━━ DATA EXTRACT

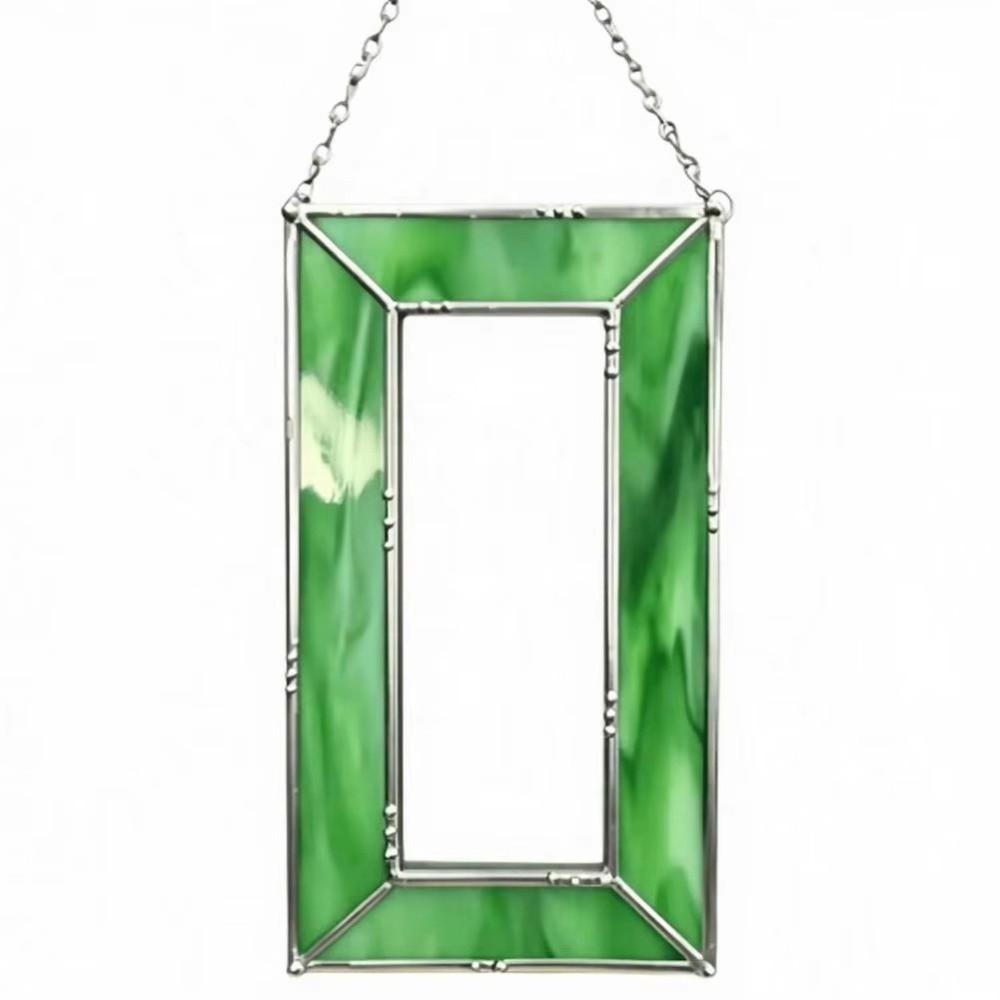 Rectangular Photo Frame Suncatcher Acrylic Window Suncatcher Wall Hanging Decor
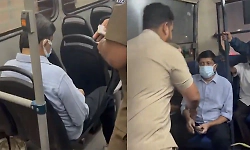 Minister Byrathi Suresh conducts surprise reality check on BMTC bus services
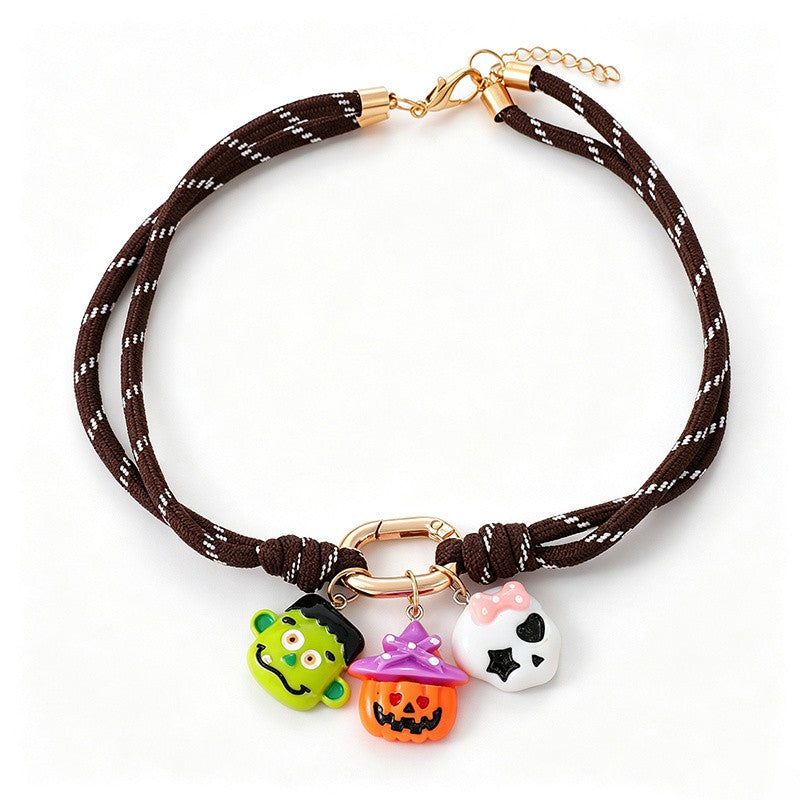 Gothic Halloween Charm Layered Necklace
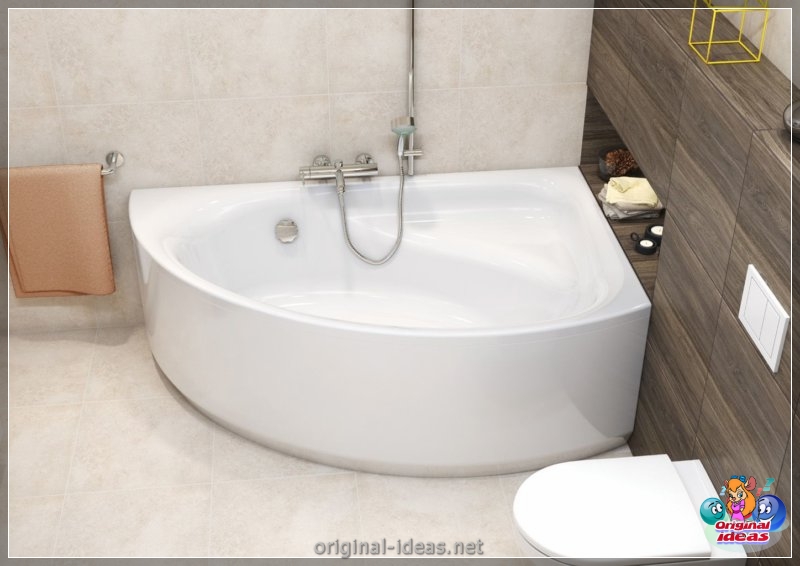 Кутняя ванная пакой - 85 фотаздымкаў лепшых ідэй і новых прадуктаў у інтэр'еры
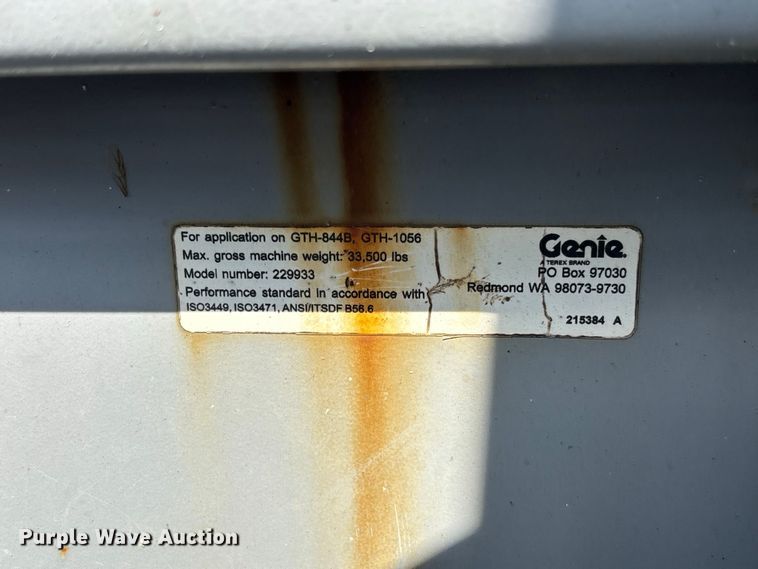 image for item DV7259 2012 Genie GTH-1056 telehandler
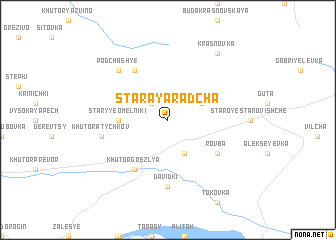 map of Staraya Radcha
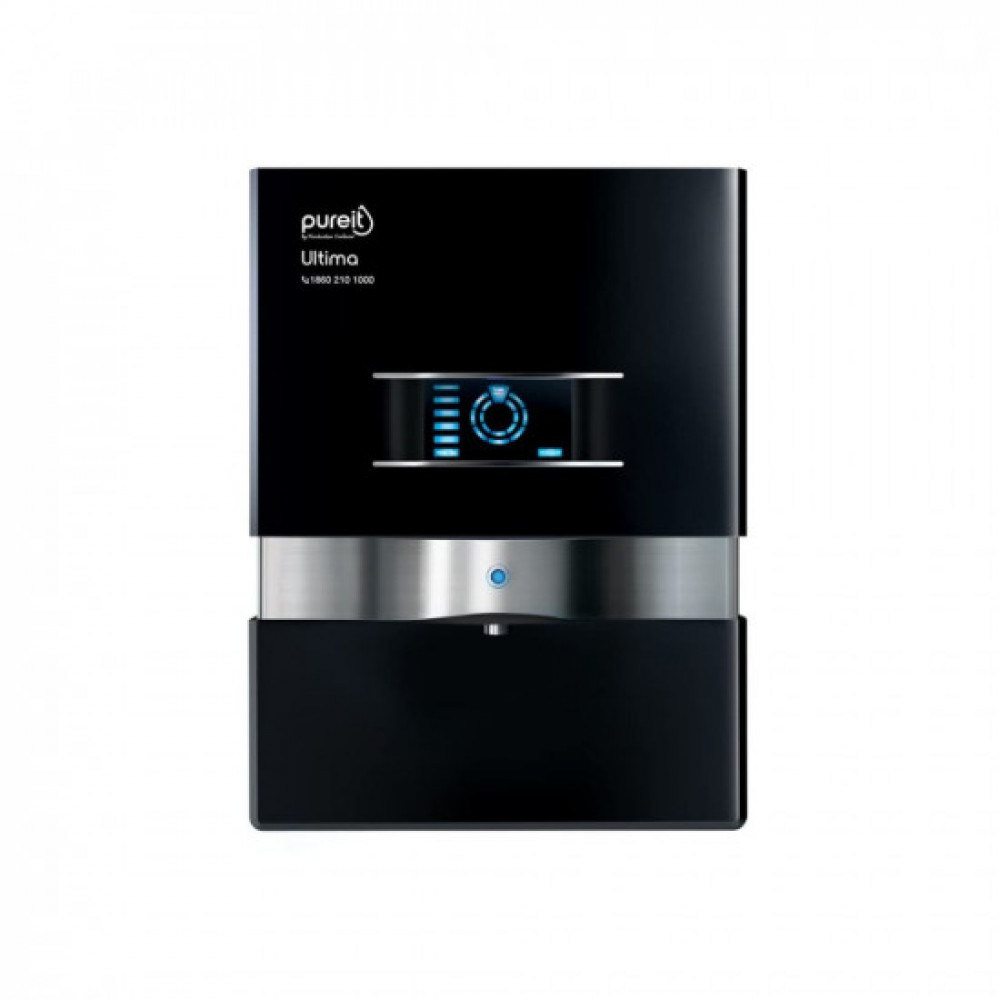 Image of HUL Pureit Ultima Mineral RO + UV + MF 7 stage Table top / wall mountable Black 10 litres Water Purifier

━━━━

PROBLEM - The output should be the lines from the one with "Minister Byrathi Suresh" through the end of the material above, both ends included, printed exactly and nothing else. Drop the pictures.

EXERCISE ANSWER -
 Minister Byrathi Suresh conducts surprise reality check on BMTC bus services
 Gothic Halloween Charm Layered Necklace
 Кутняя ванная пакой - 85 фотаздымкаў лепшых ідэй і новых прадуктаў у інтэр'еры
 image for item DV7259 2012 Genie GTH-1056 telehandler
 map of Staraya Radcha
 Image of HUL Pureit Ultima Mineral RO + UV + MF 7 stage Table top / wall mountable Black 10 litres Water Purifier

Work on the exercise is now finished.